Prioritizing preventive care for a patient population is critical to mitigating more serious and costly health conditions. Delayed or missed health visits create the possibility of major patient health lapses. On an operational level, these missed appointments mean fewer opportunities to document and close risk and quality gaps that are revealed during traditional member encounters. Existing barriers to care have been magnified in the wake of the COVID-19 crisis, with many healthcare consumers opting to cancel or postpone non-urgent health visits. Under these circumstances, it is critical for health plans to proactively engage their members to schedule telehealth visits with their primary care providers to support continuity of care, care coordination and to help ensure preventable adverse events are avoided.
Some of these preventive services include Medicare Annual Wellness Visits, recommended screenings and health monitoring. With CMS’ expansion of access to these services under telehealth, organizations should be sure to communicate how important preventative services are for optimal health and for monitoring and maintenance of existing conditions.
Given that seniors have an increased risk for many chronic conditions, health plans should proactively encourage members to seek preventive care via telehealth, which helps manage these conditions to decrease the risk of complications from COVID-19 and limits overall risk of exposure.
Many Medicare Advantage plans traditionally utilize in-home assessments as a component of their annual risk adjustment program to increase access to care for members, improve HCC documentation accuracy, address quality gaps and help attain member assessment completions rate performance goals.

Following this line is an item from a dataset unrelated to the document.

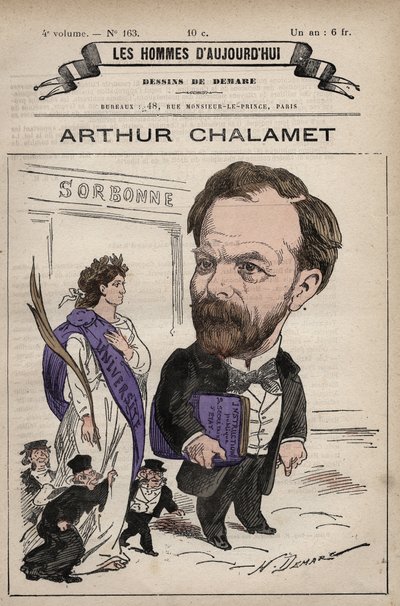 Caricature de Jean Marie Arthur Chalamet (1822-1895) homme politique républicain français - de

However, in-home assessments aren’t an option for many plans during the current healthcare crisis, leaving seniors vulnerable. This is yet another example of the value that telehealth services provide to health plans and members. For this reason, organizations should encourage and incentivize providers to use telehealth to perform annual member health visits so that care is appropriately being provided and accurate documentation simultaneously enabled.
Ultimately, to improve HCC coding accuracy, enhance quality of care and mitigate RADV audit risk, health plans should aim to take full advantage of virtual care technology as part of a successful care strategy. Telehealth should be viewed not only as a short-term social distancing mechanism, but also as a long-term approach to enable continuity of care to address risk gaps for member health and proper documentation.
If they haven’t already, health plans will need to start developing short and long-term strategies to support the health of their members through accurate HCC coding. Those who haven’t started this process may be running the risk of poor performance on quality measures and inaccurate risk scores and for the 2020 DOS year, resulting in inaccurate and reduced payment from CMS.